● **DATA**
━━━━━━━━━━━━━━━━━━━━━━━━━━━━━━

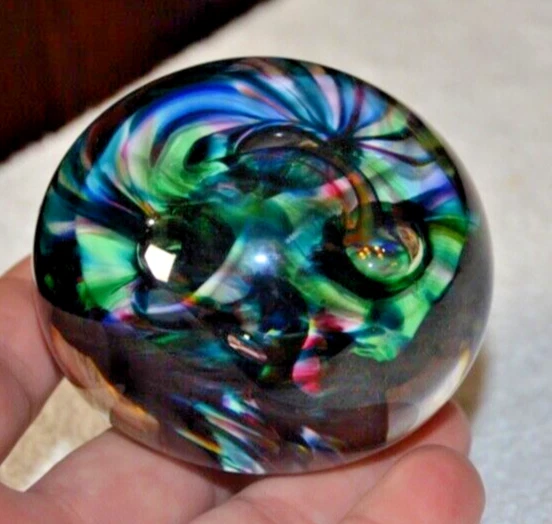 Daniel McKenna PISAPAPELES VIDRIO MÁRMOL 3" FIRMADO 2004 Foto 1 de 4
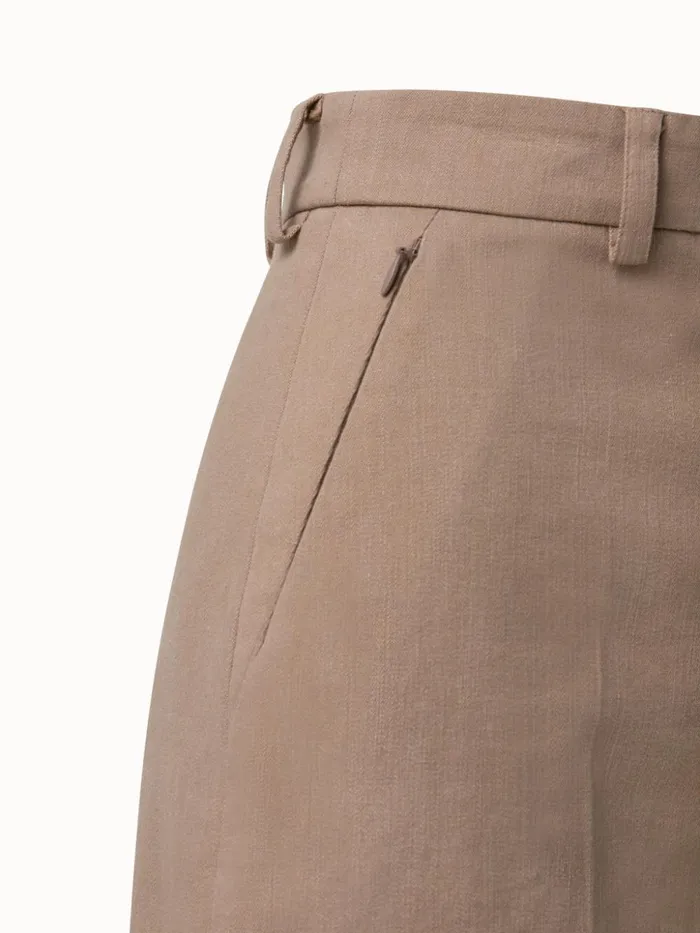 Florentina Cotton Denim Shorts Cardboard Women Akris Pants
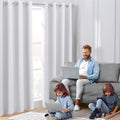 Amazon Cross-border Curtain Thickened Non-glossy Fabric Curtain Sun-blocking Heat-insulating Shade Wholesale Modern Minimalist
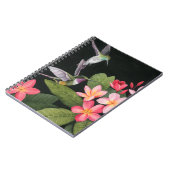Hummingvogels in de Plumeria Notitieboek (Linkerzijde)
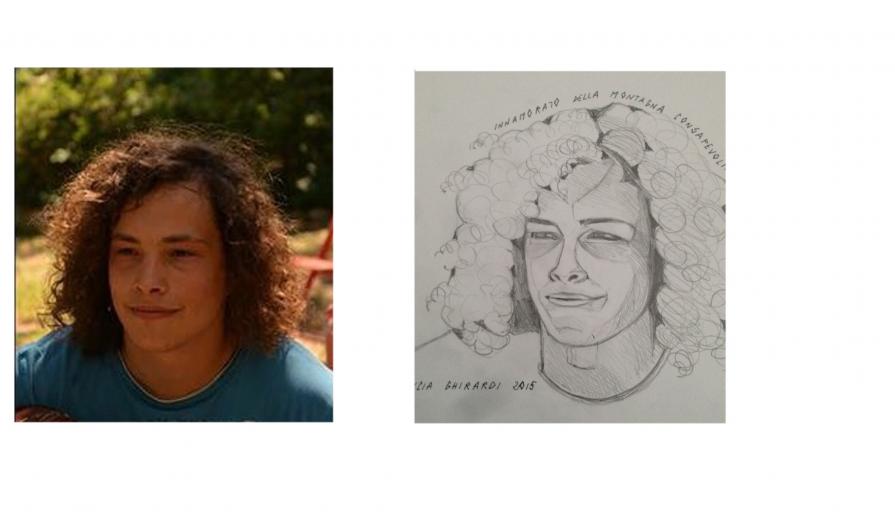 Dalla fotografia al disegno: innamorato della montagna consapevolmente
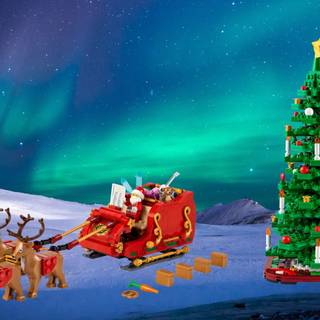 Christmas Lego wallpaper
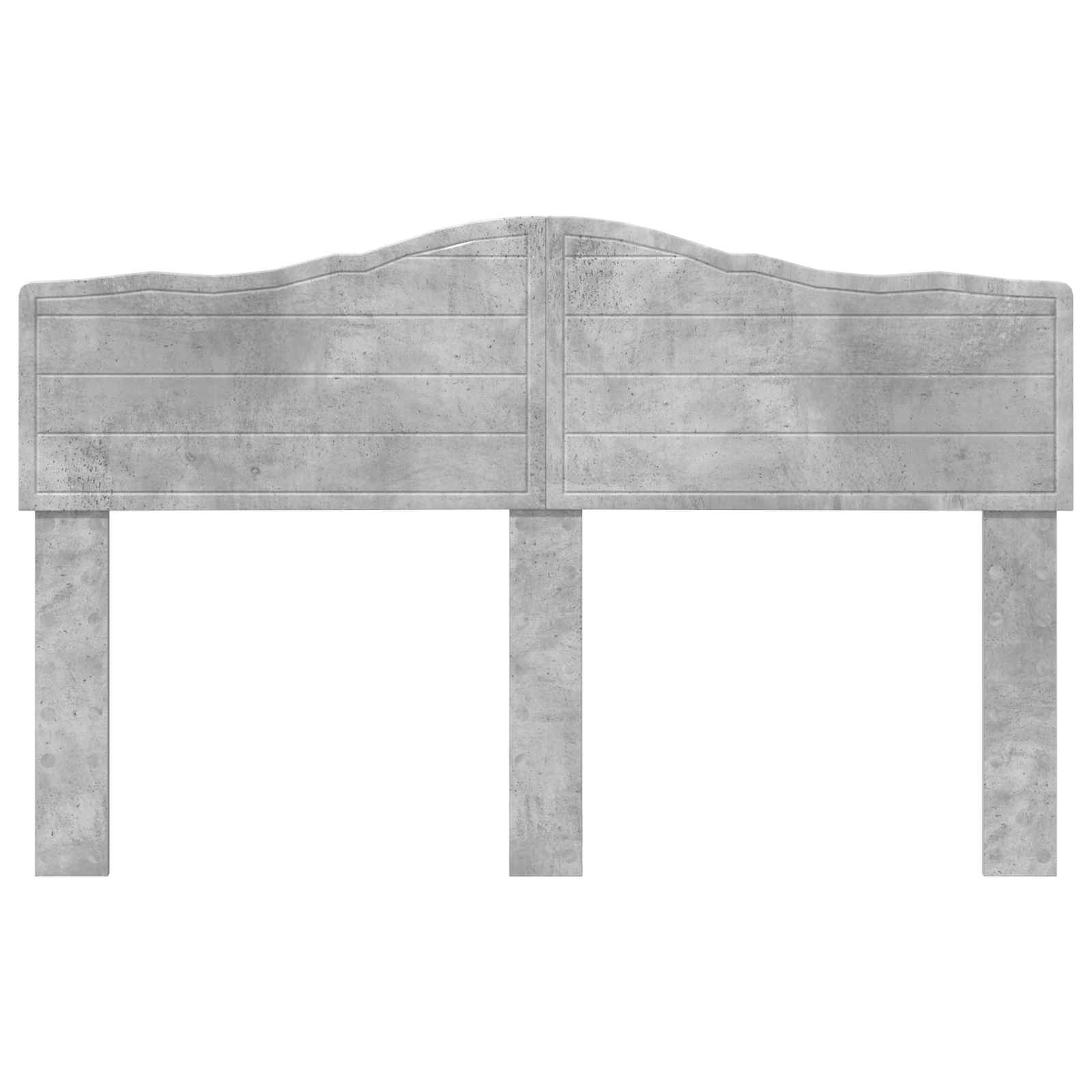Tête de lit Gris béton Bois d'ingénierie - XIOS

━━━━━━━━━━━━━━━━━━━━━━━━━━━━━━

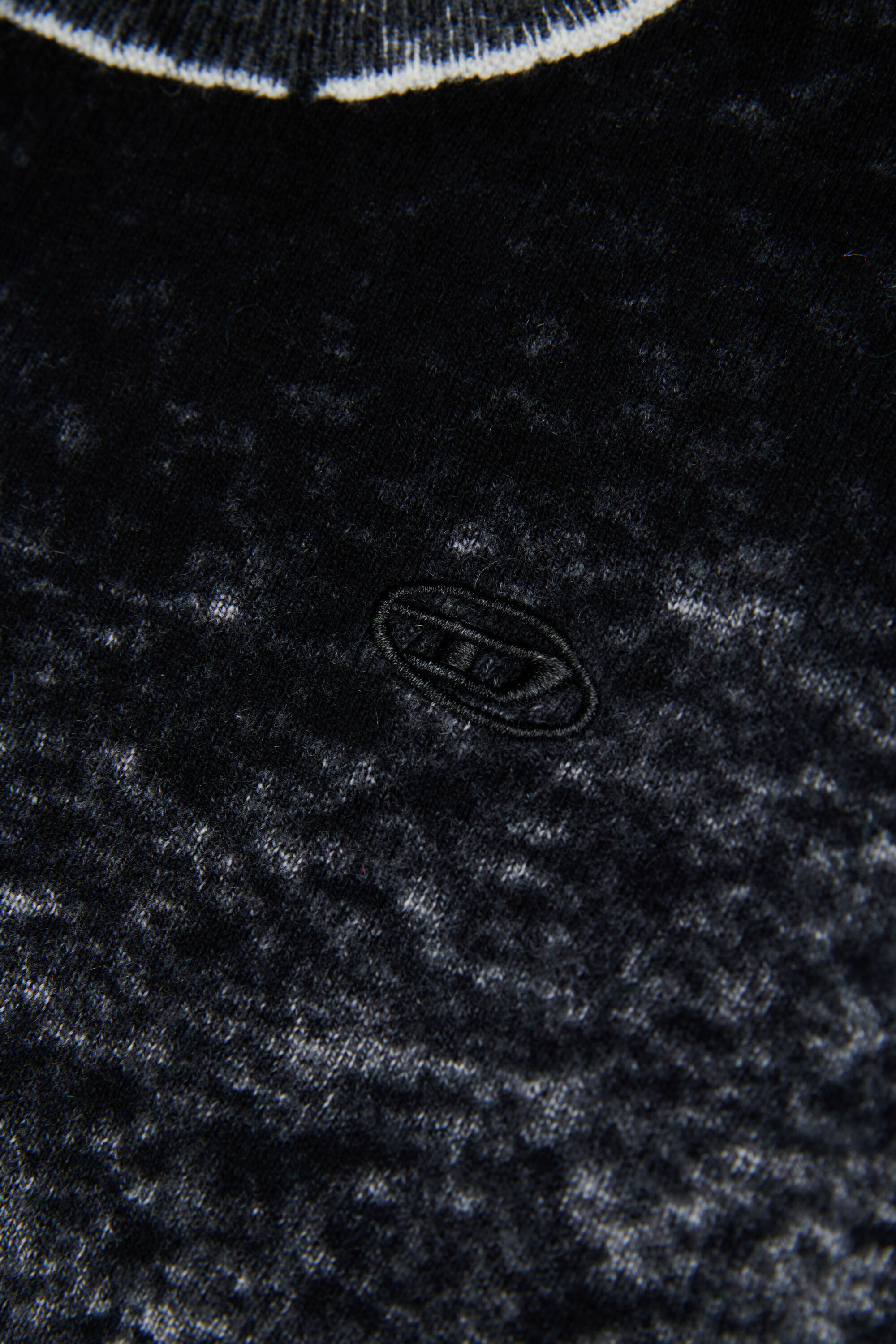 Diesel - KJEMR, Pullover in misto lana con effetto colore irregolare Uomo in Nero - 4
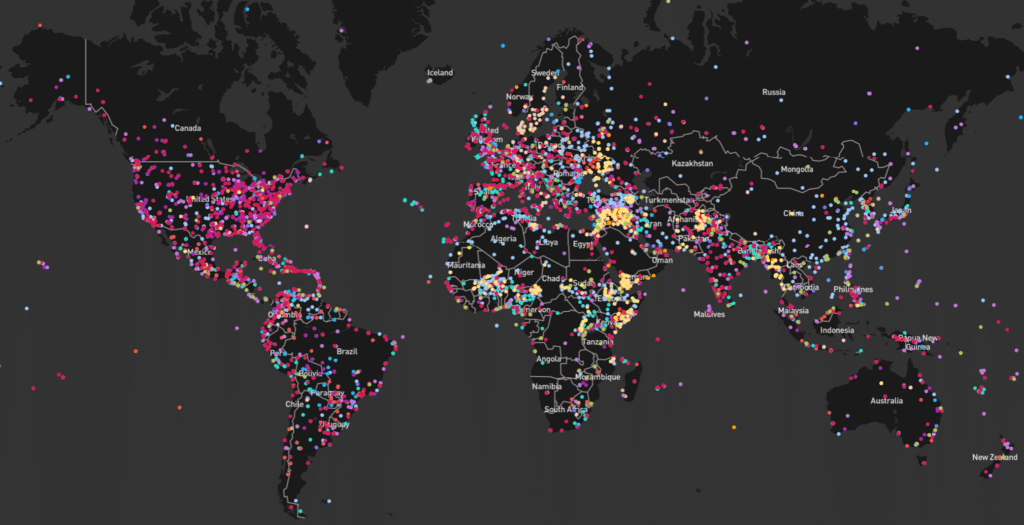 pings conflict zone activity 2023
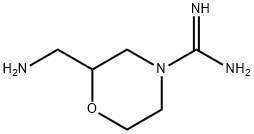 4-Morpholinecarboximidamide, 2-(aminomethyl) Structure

━━━━━━━━━━━━━━━━━━━━━━━━━━━━━━

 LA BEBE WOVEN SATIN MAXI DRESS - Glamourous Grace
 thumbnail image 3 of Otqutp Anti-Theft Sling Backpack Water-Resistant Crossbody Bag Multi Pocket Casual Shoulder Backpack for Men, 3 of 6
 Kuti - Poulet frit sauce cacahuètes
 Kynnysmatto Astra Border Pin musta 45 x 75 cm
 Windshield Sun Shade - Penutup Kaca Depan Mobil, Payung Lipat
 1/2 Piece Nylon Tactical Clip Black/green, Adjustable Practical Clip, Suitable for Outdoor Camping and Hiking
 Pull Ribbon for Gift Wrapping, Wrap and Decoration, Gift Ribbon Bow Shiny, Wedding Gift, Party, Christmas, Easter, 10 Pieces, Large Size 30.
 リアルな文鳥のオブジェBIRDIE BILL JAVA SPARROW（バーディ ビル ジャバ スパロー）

━━━━━━━━━━━━━━━━━━━━━━━━━━━━━━

● **HOW TO COMPLETE THIS TASK**
Repeat exactly, and only, the entries from the line with "Amazon Cross-border Curtain" through the line with "Dalla fotografia al". Pictures are skipped.

● **RESPONSE TO THIS TASK**
 Amazon Cross-border Curtain Thickened Non-glossy Fabric Curtain Sun-blocking Heat-insulating Shade Wholesale Modern Minimalist
Hummingvogels in de Plumeria Notitieboek (Linkerzijde)
 Dalla fotografia al disegno: innamorato della montagna consapevolmente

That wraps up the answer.